The USA Had A Working Mobile Phone Network In The 1940s

February 2, 2023 People's Tonight 340 views

The mobile was in use over half a century before Snake II.

James Felton

Senior Staff Writer

An old telephone, with a mysterious spin dial nobody under 35 can use.

Phone1The mobile looked a lot like a normal telephone. Image credit: 7713 Photography/shutterstock.com

An advert for mobile phones recorded in the 1940s has recently been unearthed by Open Culture. It shows a working mobile phone, long before the iPhone or the 80s Wall Street guy brick.

The advert begins by attempting to explain the benefits of being able to communicate while on the move.

“Here comes a trailer truck out on the open highway miles from the nearest town,” the narrator says, focusing on selling the phones to businesses. “Let’s say important for someone to get in touch with the drivers of this outfit. How can it be done?”

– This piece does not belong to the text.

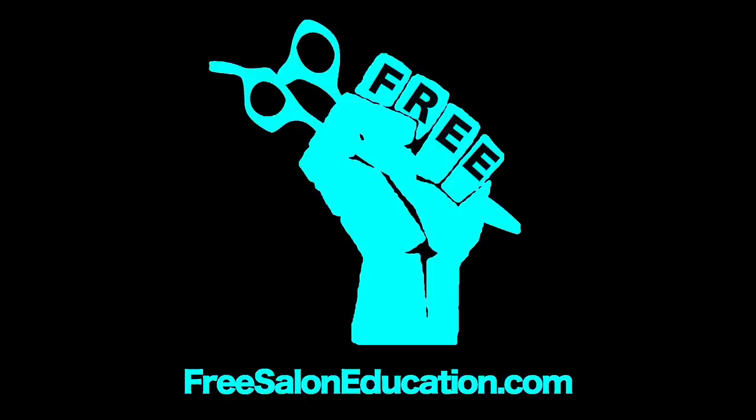All right, so I hope that helps you guys out. If you have any questions or anything else you'd need clarified on ombré or anything in general, be sure to visit us at freesaloneducation.com, check out our Facebook page, Instagram — everything. We're here for you guys, so thank you and I'll see you on the next step.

The two colleagues then demonstrate a miracle of modern technology, while also having a fairly mundane conversation about making a pickup at a local depot, which really could have been an email. The advert goes on to provide another example of how useful it is to be able to talk to someone when your car breaks down.

“This is mobile telephone service. In this service conversations travel part way by radio part way by telephone lines,” the announcer explains.

“In order to reach vehicles traveling the highways between cities, a number of transmitting and receiving stations connected to telephone lines are spaced at intervals along the highway so that one will always be in range of the moving vehicle. The antennas are placed preferably on high ground because the high frequency waves are limited in distance to the line of sight.”

The first call made through the system happened on October 2, 1946, through a Motorola Car Radiotelephone. The service, operated by Bell Telephone Company, quickly hit capacity due to the small number of radio frequencies available to it. It was also prone to interference, meaning you might not end up talking to the same person you began the conversation with further down the highway.

“Although the signal level on a channel may be poor beyond 25 miles [40 kilometers],” a paper on the Bell system in 1979 explained, “it is still high enough to interfere significantly with other mobile communications on the same frequency within 60 to 100 miles [100 to 160 kilometers] of the land transmitter.”

The system endured into the 1980s, before being replaced by cellular service. But for a good few decades, people were able to enjoy the futuristic inconvenience of your boss being able to get a hold of you while you are on the highway, and the retro joy of having that call placed through an operator.